# My Pan Europ on the mesh watch band.



## shurik (Mar 21, 2011)

Hi guys!
Well, it's all in the title. My new mesh bracelet Vollmer 22mm with curved ends. I love it!


----------



## powerballn503 (Dec 10, 2009)

Excellent choice!
Looks great.


----------



## Perseus (Mar 25, 2010)

Holy smokes! Where did you get that? Great find!


----------



## BrentYYC (Feb 2, 2012)

Normally I'm not a mesh guy, but those polished curved ends are really nice.


----------



## Cal8500 (Jun 21, 2012)

BrentYYC said:


> Normally I'm not a mesh guy, but those polished curved ends are really nice.


+1

When I read the thread title, I expected to be unimpressed. Boy was I wrong! That is the perfect band and gives it a real vintage look.


----------



## copperjohn (Feb 5, 2010)

A- Love the blue.
2- Love the curved endlinks.


----------



## wwarren (May 1, 2011)

Wow! Looks great. Polished links and curved ends, correct? Is the clasp polished as well, or mat finish?


----------



## Perseus (Mar 25, 2010)

Looks like it's from Long Island Watch.

Vollmer 99460H4 polished stainless steel mesh watch bracelet with a polished finish and curved ends. Features a deployant closure with security clasp.


----------



## wwarren (May 1, 2011)

Perseus said:


> Looks like it's from Long Island Watch.
> 
> Vollmer 99460H4 polished stainless steel mesh watch bracelet with a polished finish and curved ends. Features a deployant closure with security clasp.


That one is 20mm. I couldn't find 22mm at that site.


----------



## Tor (Sep 19, 2012)

Curved ends makes a difference.

Very nice.


----------



## davestan (Aug 5, 2006)

Looks good. Mesh bands just enhance that retro look!


----------



## arutlosjr11 (Dec 24, 2010)

Looks awesome


----------



## Perseus (Mar 25, 2010)

wwarren said:


> That one is 20mm. I couldn't find 22mm at that site.


I found one on watch style.com but the link won't paste right. Search for V-9946-CE.


----------



## cornerjunkie (Oct 31, 2012)

That watch is absolutely gorgeous… The Pan Europ is high on my list for my next Hamilton.


----------



## shurik (Mar 21, 2011)

Perseus said:


> Holy smokes! Where did you get that? Great find!


Sorry for being out of forum... I found it here.

Actually, when I had seen Pan Europ LE for first time, I thought I should change the strap for the blue one, and I bought Hirsch Modena Navy Blue and Stailer watch band. Now I have 4 straps for my Pan Europ and I change them from time to time.

Some photos below...


----------



## LEOZ (Jun 7, 2016)

I know it is an old thread but do you mind if I ask if those bands that you put on your Pan Europ are curved end or not?

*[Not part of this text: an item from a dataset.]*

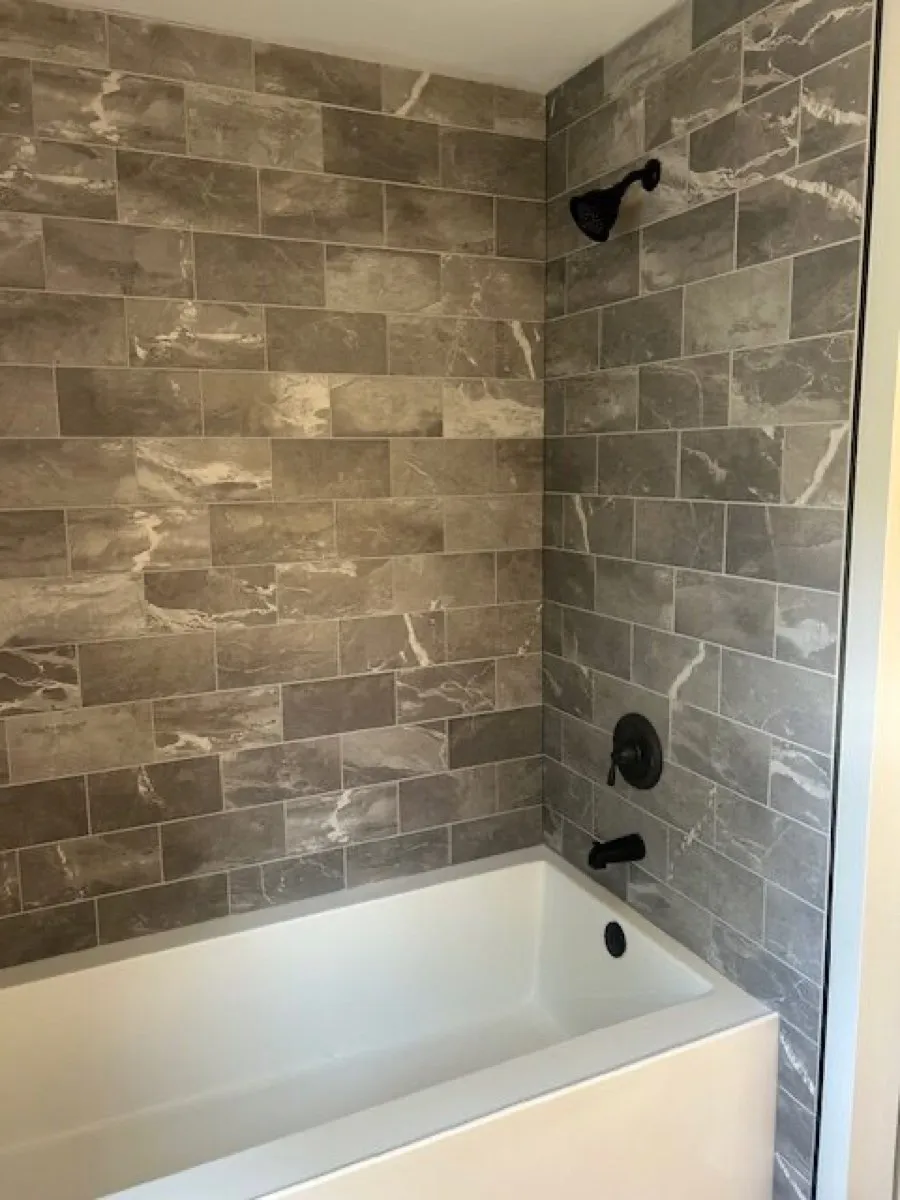 Finished tile shower and tub surround remodel by Legar & Son Plumbing in Salisbury, MD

They look like straight ended to me but I wasn't sure. I recently ordered a pan europ chrono and can't wait to put some new straps on it but couldn't quite figure out if regular bands would fit in since it has curved spring bars. Thank you for your help in advance! 


shurik said:


> Sorry for being out of forum...
> 
> Actually, when I had seen Pan Europ LE for first time, I thought I should change the strap for the blue one, and I bought Hirsch Modena Navy Blue and Stailer watch band. Now I have 4 straps for my Pan Europ and I change them from time to time.


----------



## BrentYYC (Feb 2, 2012)

Zafer Aslan said:


> I know it is an old thread but do you mind if I ask if those bands that you put on your Pan Europ are curved end or not? They look like straight ended to me but I wasn't sure. I recently ordered a pan europ chrono and can't wait to put some new straps on it but couldn't quite figure out if regular bands would fit in since it has curved spring bars. Thank you for your help in advance!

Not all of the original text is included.